Janacek's Glagolitic Mass is such an interesting piece.  I just heard the new recording of the original 1926-7 version by Marek Janowski on PentaTone with the Radio Symphony Orchestra Berlin.  I've never heard this version but it feels kind of different but still so interesting.  What a fascinatingly original work.  I don't think there is anything else quite like it.  And so engaging.  I heard it performed live but was with my mom and sister and might have been more concerned if they "get it" then if I enjoyed it.  They are not huge concert music fans but are open to it.  I think they didn't know what to make of it. 

Varied, full of contrasts, drama, atmosphere, and spectacle.  But is also a strange piece.  I felt that more so in this release than I had ever noticed before even having heard it performed live. 

The next work on the album was Taras Bulba from a decade earlier.  This is a wonderful release that made me hear music I felt I knew well in a new way.  I hear some of Sibelius and Hindemith in this as well but wonder if they were influenced by him at all or perhaps shared the same influences. Regardless, this was a deeply enjoyable listening experience.

Roasted Swan

Quote from: relm1 on September 17, 2025, 05:34:21 AMJanacek's Glagolitic Mass is such an interesting piece.  I just heard the new recording of the original 1926-7 version by Marek Janowski on PentaTone with the Radio Symphony Orchestra Berlin.  I've never heard this version but it feels kind of different but still so interesting.  What a fascinatingly original work.  I don't think there is anything else quite like it.  And so engaging.  I heard it performed live but was with my mom and sister and might have been more concerned if they "get it" then if I enjoyed it.  They are not huge concert music fans but are open to it.  I think they didn't know what to make of it. 

Varied, full of contrasts, drama, atmosphere, and spectacle.  But is also a strange piece.  I felt that more so in this release than I had ever noticed before even having heard it performed live. 

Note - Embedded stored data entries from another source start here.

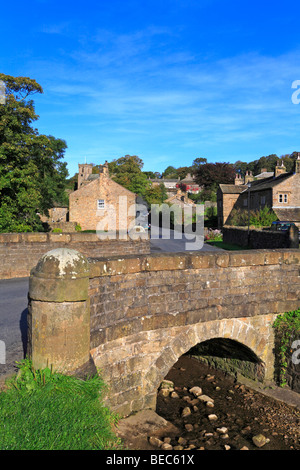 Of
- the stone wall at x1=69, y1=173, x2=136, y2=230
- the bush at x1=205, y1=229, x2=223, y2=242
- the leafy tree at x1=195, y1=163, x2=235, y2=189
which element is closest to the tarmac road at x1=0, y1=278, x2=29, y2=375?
the bush at x1=205, y1=229, x2=223, y2=242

The next work on the album was Taras Bulba from a decade earlier.  This is a wonderful release that made me hear music I felt I knew well in a new way.  I hear some of Sibelius and Hindemith in this as well but wonder if they were influenced by him at all or perhaps shared the same influences. Regardless, this was a deeply enjoyable listening experience.

Absolutely agree about the remarkable power and impact of this work.  Perhaps try other versions of the 1927 original.  The Janowski is a bit softer edged than this work really needs.  Mackerras on Chandos and Nepotil on Supraphon are both even more compelling in the 1927 original version I reckon....

Symphonic Addict

How is it that this awesome composer wrote a ballet? Granted, it's not properly a major work and it doesn't sound much like a ballet, but Rákos Rákoczy (1891) contains lots of fun in the form of folk songs and dances (it's a choral ballet), giving as a result a piece that exudes charm and lovely melodies in spades. A quite endearing curiosity.

The current annihilation of a people on this planet (you know which one it is) is the most documented and at the same time the most preposterously denied. The terror IS REAL!